Traffic flowed smoothly during the morning commute Wednesday. It wasn't bumper to bumper or even congested thanks to a newly completed Caltrans road widening project two years in the making.
"Each individual should recognize about a 16 minute savings in time. That is a big difference for those who want to get through this area especially through peak hours," Dennis Agar, Caltrans director for District 10, said.
The Highway 99 project started in Stockton and runs all the way to the Yosemite exit at Highway 120.
Andrew Chesley, the executive director of the San Joaquin Council of Governments, said this project will not only save drivers time, but it will help the entire state's economy.
"Highway 99 has been referred to as the main street of California. It's the work horse of the state of California. When you look at the percentage of truck traffic, this is the place where commodity and goods movement really makes a difference," Chesley said.
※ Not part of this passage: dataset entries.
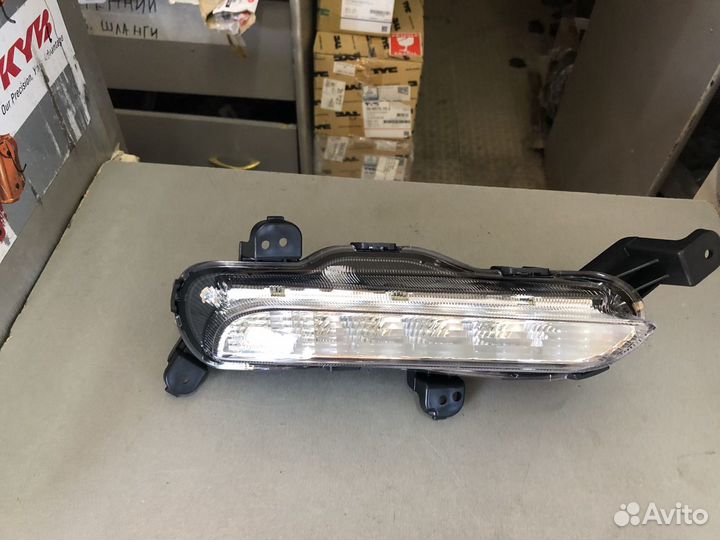 Ходовой огонь Kia rio 4 92208H0100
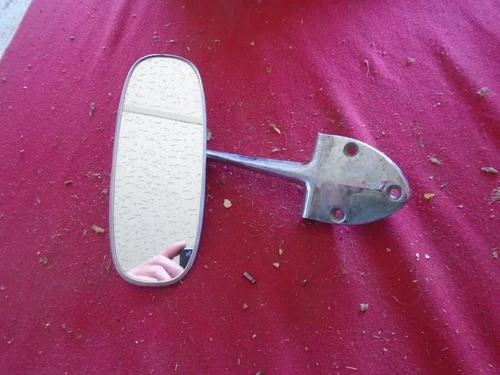 1958-1964 VW VOLKSWAGON BEETLE REAR VIEW MIRROR 113857 511A FAM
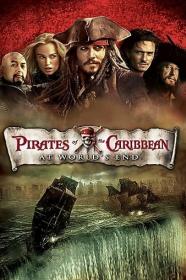 加勒比海盗3：世界的尽头 Pirates Of The Caribbean At Worlds End 2007 1080p BluRay DTS x264-7bt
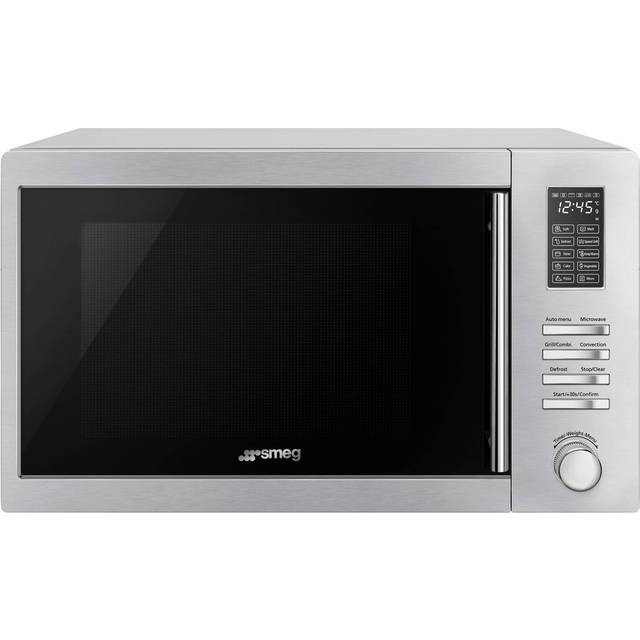 Smeg MOE34CXI mikrovågsugn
Along with the widening of Highway 99 to six lanes, Chesley said Lathrop and French Camp Roads are now more user friendly. The new on- and off-ramps encourage drivers to get off the road and spend money in Manteca.
"French Camp Road is definitely easier to get on and off, both as a safety prospective and an operational prospective, and here at Lathrop Road, a real entrance now to the city of Manteca," Chesley said.
The project was funded by two voter measures -- $89 million came from a 2006 voter-approved transportation bond. The remaining $36 million came from a local 1 cent sales tax.
"It really pulls together a project that is the wish and the will of the state of California," Chesley said.
The project also constructed a sound barrier wall for residents and a concrete median to improve safety.